I was able to move it partly to shared memory (occupy as much as I could), but the increase in speed was not significant.
So the question is, is there any way to fit everything in shared memory? I think it can be done since as far as I know shared memory is allocated per block.

njuffa · December 18, 2018, 10:48pm

I wonder how this code compiles: “a[i].x -= 2.0;”. I don’t see a variable ‘i’ being declared anywhere.

In any event, this is a streaming kernel that just updates a vector in global memory. Naturally, it will have lots of global memory accesses, and its performance will be limited by global memory throughput. As it’s simply streaming the data, there is no data reuse, so buffering in shared memory cannot speed up the code.

prosvirov.k · December 18, 2018, 11:37pm

Thank you, njuffa, sir.

That was a simple typo.

But anyway, in general case, imagine I have data reuse in my function, but my data is way bigger than the amount of sharing data, how do I optimize that?

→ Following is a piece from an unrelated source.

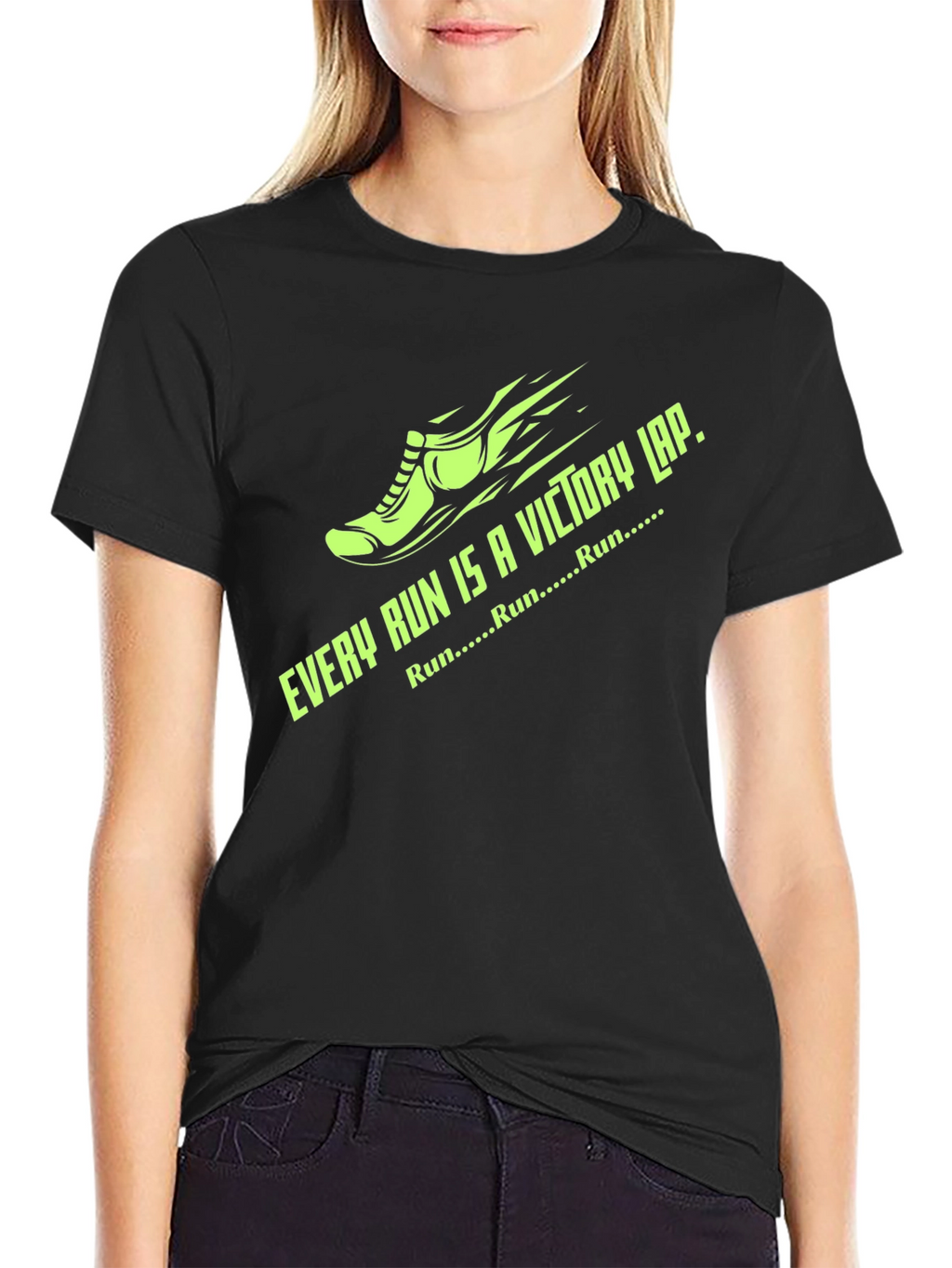 Every Run Victory Lap Black Graphic Tee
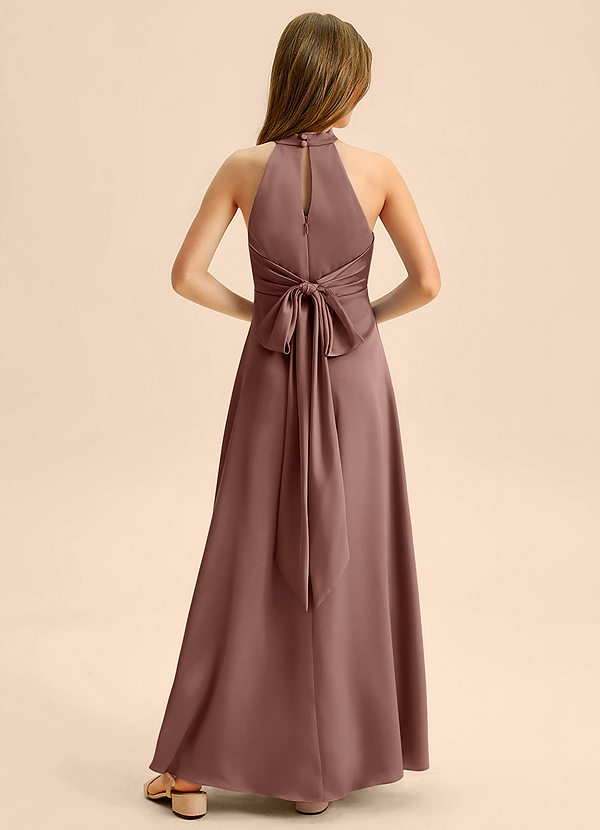 Azazie Beah Junior Espresso A-Line Pleated Stretch Satin Dress image1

Robert_Crovella · December 18, 2018, 11:47pm

The usual approach is to break the work into tiles, so that a tile of data will fit in shared memory, and the tile offers reuse opportunity. Often, each threadblock will work on a separate tile. This assumes there is some data (reuse) locality in your program.

An algorithm category that exhibit this behavior are stencil operations.

Refer to slides starting with 46 here:

[url]https://www.nvidia.com/docs/IO/116711/sc11-cuda-c-basics.pdf[/url]

prosvirov.k · December 18, 2018, 11:52pm

Robert_Crovella, thank you, sir, for the brilliant answer and provided materials!

Jimmy_Pettersson · December 20, 2018, 11:01am

You might be interested in using Xtream, it automates per block shared memory caching and lets you define a stencil.

Check out the shared memory example (3x3 mean filter) here:

Xtream is just a thin wrapper above CUDA but it simplifies this type of operations.